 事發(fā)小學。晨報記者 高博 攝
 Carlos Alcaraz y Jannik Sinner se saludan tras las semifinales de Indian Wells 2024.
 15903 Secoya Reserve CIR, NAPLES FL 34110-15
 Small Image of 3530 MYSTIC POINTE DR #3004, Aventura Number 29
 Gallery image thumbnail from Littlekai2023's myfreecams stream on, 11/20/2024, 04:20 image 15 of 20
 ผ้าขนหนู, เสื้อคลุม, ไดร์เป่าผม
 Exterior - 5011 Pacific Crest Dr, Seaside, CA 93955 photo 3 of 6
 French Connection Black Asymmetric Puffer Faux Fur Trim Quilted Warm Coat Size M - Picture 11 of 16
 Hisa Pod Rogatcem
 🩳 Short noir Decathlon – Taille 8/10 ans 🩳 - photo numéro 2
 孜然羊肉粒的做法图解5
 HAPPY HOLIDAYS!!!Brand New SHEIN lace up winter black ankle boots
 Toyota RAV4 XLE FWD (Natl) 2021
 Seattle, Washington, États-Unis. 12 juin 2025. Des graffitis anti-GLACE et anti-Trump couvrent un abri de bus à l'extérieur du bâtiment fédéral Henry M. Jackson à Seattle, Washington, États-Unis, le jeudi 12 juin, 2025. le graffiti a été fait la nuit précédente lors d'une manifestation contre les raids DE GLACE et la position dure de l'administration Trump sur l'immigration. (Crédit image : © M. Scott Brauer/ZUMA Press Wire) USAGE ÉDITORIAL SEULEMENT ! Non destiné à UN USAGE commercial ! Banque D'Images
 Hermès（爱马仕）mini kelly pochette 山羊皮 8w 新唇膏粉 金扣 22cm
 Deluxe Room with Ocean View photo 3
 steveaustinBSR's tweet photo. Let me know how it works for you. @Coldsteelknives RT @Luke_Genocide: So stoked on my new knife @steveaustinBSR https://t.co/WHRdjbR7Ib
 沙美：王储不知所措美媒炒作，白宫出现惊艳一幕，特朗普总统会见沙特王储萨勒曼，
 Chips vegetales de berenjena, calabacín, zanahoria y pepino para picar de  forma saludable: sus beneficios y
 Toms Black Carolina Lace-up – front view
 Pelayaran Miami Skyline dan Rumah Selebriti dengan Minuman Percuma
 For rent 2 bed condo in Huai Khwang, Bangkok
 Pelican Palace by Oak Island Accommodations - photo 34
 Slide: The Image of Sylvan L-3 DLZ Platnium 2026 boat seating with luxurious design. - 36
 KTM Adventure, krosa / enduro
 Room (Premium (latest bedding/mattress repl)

------------------------------------------------

▸ What to work on:
The line with "Pelayaran Miami Skyline" and all the lines after it in the records above are to be output exactly, with nothing added.

▸ Response box:
 Pelayaran Miami Skyline dan Rumah Selebriti dengan Minuman Percuma
 For rent 2 bed condo in Huai Khwang, Bangkok
 Pelican Palace by Oak Island Accommodations - photo 34
 Slide: The Image of Sylvan L-3 DLZ Platnium 2026 boat seating with luxurious design. - 36
 KTM Adventure, krosa / enduro
 Room (Premium (latest bedding/mattress repl)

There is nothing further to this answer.